また条件によっては、下記のように申請を却下されるケースもあります。あるいは不承認となる場合もあるでしょう。承認を得られない場合には、引き続き土地を所有しなければならない状況も想定されます。

【却下事由】

  • 建物がある土地

  • 担保権(抵当権、質権、先取特権等)や使用収益権(賃借権、地上権等)が設定されている土地

  • 私道などの道路、墓地、境内地、水道用地など、他人の利用が予定されている土地

  • 土壌汚染がされている土地

  • 境界が明らかでない土地、所有権の存否や範囲について争いがある土地(申請者以外にその土地の所有権を主張する者がいる場合や、相続登記がなされていない土地もこれに当たります)


【不承認事由】

  • 一定の勾配・高さの崖があって、管理に過分な費用・労力がかかる土地

  • 土地の管理・処分を阻害する有体物が地上にある土地。放置自転車や果樹園、樹木等が該当します

  • 土地の管理・処分のために、除去しなければいけない有体物が地下にある土地。埋蔵文化財等が該当します

  • 隣接する土地の所有者等との争訟によらなければ管理・処分ができない土地。不法占拠者がいる場合、隣地の所有者などとの争訟が必要な土地などが該当します

  • その他、通常の管理・処分に当たって過分な費用・労力がかかる土地。共益費等の支払を要する土地、森林伐採後に植栽をはじめとした造林がおこなわれていない山林などが該当

(参照:法務省「相続等により取得した土地所有権の国庫への帰属に関する法律」)

相続土地国庫帰属制度の手続き・流れ

前述のように、相続土地国庫帰属制度を利用して不要な土地を国に引き取ってもらうには、手続きが必要であり、最終的に国(法務大臣)の承認が必要となります。ここでは、相続土地国庫帰属制度の流れを解説します。

申請

相続土地国庫帰属制度を利用するためには、相続人からの承認申請が必要となります。この承認申請ができる人は、「相続又は遺贈により所有権の全部又は一部を取得した相続人」(第2条第1項)です。複数人での共同所有である場合、「承認申請は、共有者全員が共同して行う必要がある」(同条第2項前段)とされており、土地の共有持分のみを国庫に帰属することはできないということも覚えておきましょう。

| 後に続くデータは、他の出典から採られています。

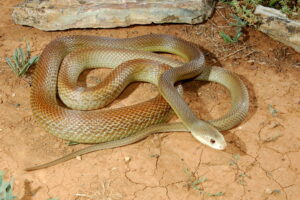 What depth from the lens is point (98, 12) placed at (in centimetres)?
679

それを踏まえたうえで、希望者は法務局(法文上は法務大臣とされている)に、国庫帰属の申請をおこないます。申請の際には、審査手数料の納付が必要になります。

要件検査・現地調査・承認

申請が受理されると、法務局で審査がおこなわれます。申請資格を満たさない人や、審査手数料を納付していない人の申請は却下されますので、事前準備は入念におこないましょう。また、国が引き取らない土地に当てはまる場合も、この時点で不認可となります。

相続土地国庫帰属制度では、法務局職員による現地調査がおこなわれます。その際に、申請者や関係者に事情聴取や書類提出を求めることがあります。さらに、法務局が必要と判断した場合には、関係行政機関などにも照会や書類提出を求められることも。これを不当に拒絶すると申請が却下されますので、ただちに応じるようにしましょう。

審査が完了すると、結果が申請者に通知されます。承認されなかった場合には、不服申立ての手続が可能です。

承認された場合の負担金納入

審査に通過した場合、合格の結果とともに負担金の額が併せて通知されます。通知を受けた日から30日以内に納付しないと、承認の効力が失効するため注意しましょう。負担金の納入をもって土地は国庫に帰属されます。

承認が取り消される可能性もある

承認の通知を受けた場合でも、下記のようなケースでは、承認の取り消しと、場合によっては損害賠償責任を負うことがあります。

  • 申請内容に虚偽があった場合、不正な手段により承認を受けたことが判明した場合には、承認が取り消しになることがある(第13条第1項)

  • 申請した土地について不承認事由があると知っていながら、引き取らせて、国が損害を被った場合には、国に対する損害賠償が発生(第14条)

相続土地国庫帰属制度に関するQ&A

相続土地国庫帰属制度の要点を、ご理解いただけましたでしょうか。次に、この制度で抱きがちな疑問を、その答えとともに見ていきましょう。

負担金はいくら?

負担金は、国庫帰属後の管理費用の一部として当てられるお金のことです。一部とは管理費10年分を指しており、実際にかかる費用のことではありません。また、最初に国の定めた基準で算定された金額を納付すれば、以降に追加で負担金を支払うことはありません。具体的な金額ですが、法務省からの発表では現状20万円〜となっています。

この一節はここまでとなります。